Even for those not competing in the Olympics, they have had to change their plans. Perhaps there was a major race or tournament they were working towards. Perhaps they had a season shut down prematurely. There are a million different circumstances that could have unfolded. Each of them takes a toll on those involved.

So how do you cope in such circumstances?

We have spoken to a few of our athletes to discuss how they have coped with their season being disrupted. We’re going to share their tips in the hope that some of their advice can help you reframe your training and keep your motivation and enthusiasm high. Here’s what they had to offer…


Time to read: 4 minutes

Key Points:

  • Professional athlete mental health
  • Applied strategies for positive mental outlook
  • Suggestions for disrupted routine & training

It’s easy to assume that professional athletes at the peak of their physical and mental capabilities are immune to the effects of a shutdown, but that’s really not the case.



Nikki Love, Adventure Runner has had her season turned upside down, with the cancellation of a huge event. Here’s how she has coped…

"The event I was training for, to Run Across Australia, had to be postponed, with no reschedule date. I had 2 years of focussed energy to step away from, so I’ve taken a bit of time to process it.

Thankfully I already had a daily routine to help my mind – it’s to wake up and write in my journal. I write what I’m thankful for - all that I am, all that I have and all who are in my world - it gets me ready for my day, and then I train.

I still have highs and lows as I try and work out what’s next? Because the answer is so up in the air, but being thankful for “now” helps."


Ben Peggs, the most decorated Fencer in GB history was looking forward to the Olympics, which have been postponed until at least 2021. Here’s how he has dealt with it…

 

"I have written a detailed training plan that means my training has been adjusted but not interrupted. It’s frustrating not being able to get to the training centre but I have access to outside space and a balcony.

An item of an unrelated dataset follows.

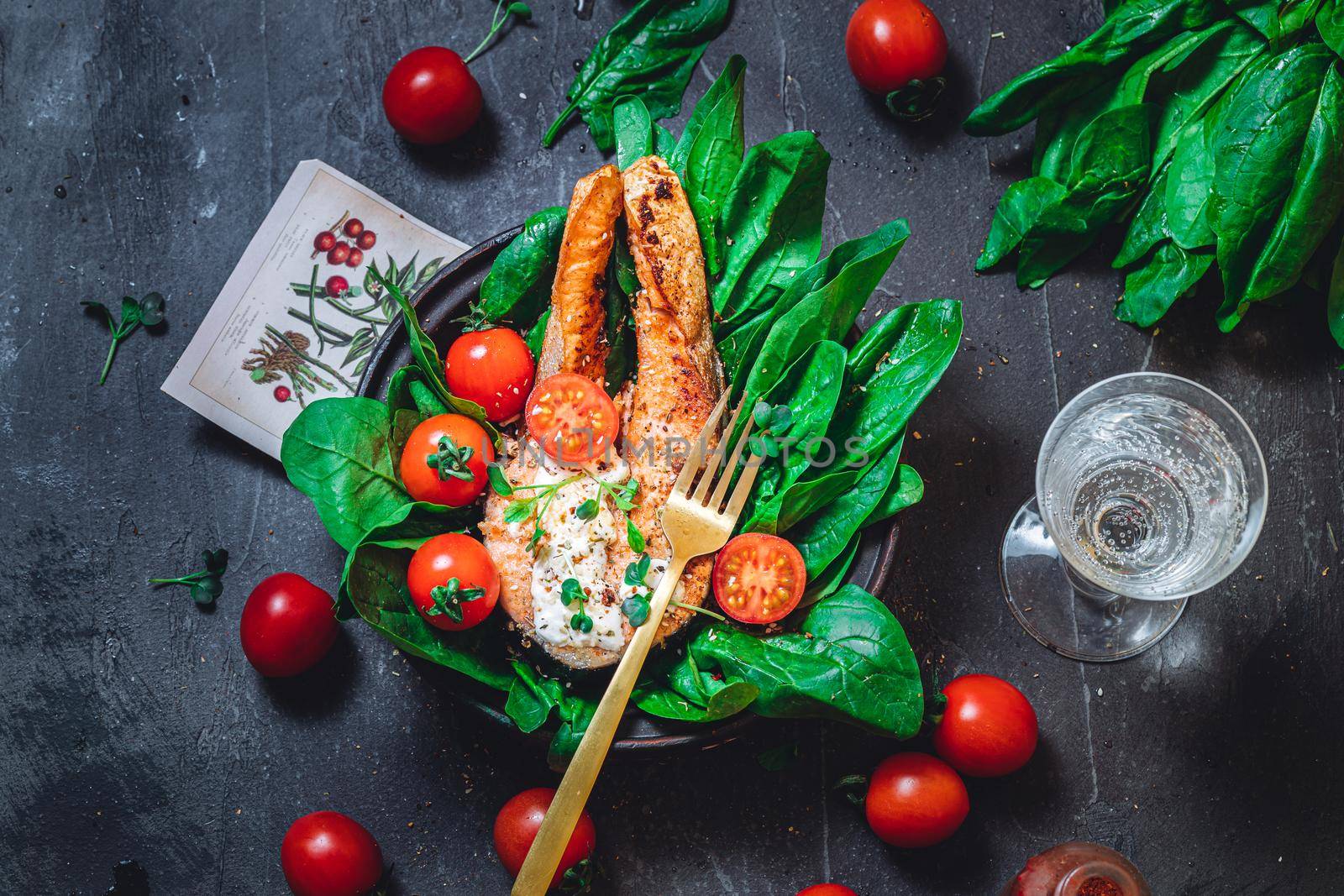 A plate with fresh green raw spinach and fried wild salmon, tomatoes and cream cheese sauce High quality photo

Each day I am being creative with my training and challenging myself to adapt to this new situation. Part of that routine is to listen to HeadSpace. The mindfulness meditation app has always been part of my psychology work, but now it’s becoming more useful than ever.

Each month I also catch up with my sports psychologist, and we put in place different tasks to achieve each week. Lockdown is providing me with more time which means I can now do other things that I would usually miss out on. One of those things is spending even more quality time with my girlfriend. Lockdown is proving quite an enjoyable place right now."


Scott Beaumont, a multiple World Champion in BMX and Mountain Biking takes a more direct approach…

 

"It is unlikely that we will ever have a situation like this again. Embrace your family and friends. Take more time to call and Skype them. Do all the jobs that you always put off. Use this time to be productive and get your life away from sport back in order.

Remember. No matter how hard you are finding it, people are dying. Relatives are losing loved ones. No one should be feeling down at the moment. Feel lucky that you will enjoy your sport again one day."


There’s no ‘best’ way…

What we can learn from the athletes is that there are different ways people learn to cope with a change in circumstances.

The common theme is that zooming out and seeing the current situation as a relatively short period of time in the grand scheme of things is helpful. Being able to see that this is a temporary thing and in time, life will return to normal gives a sense of perspective.

Focussing on what’s good in our lives helps too. In Nikki’s case her gratitude journal anchors her thoughts in the positive. Ben is spending more time with his girlfriend. Scott is using the time productively.

As hard as the current situation is, we at KYMIRA hope you find a way to manage your way through this. Hopefully the tips from our athletes will help you to put things into perspective and reassure you that with a bit of proactivity, you too can ride this out. We’re keeping our content machine whirring, so we’ll keep you topped up with training, recovery and nutrition information throughout the lockdown.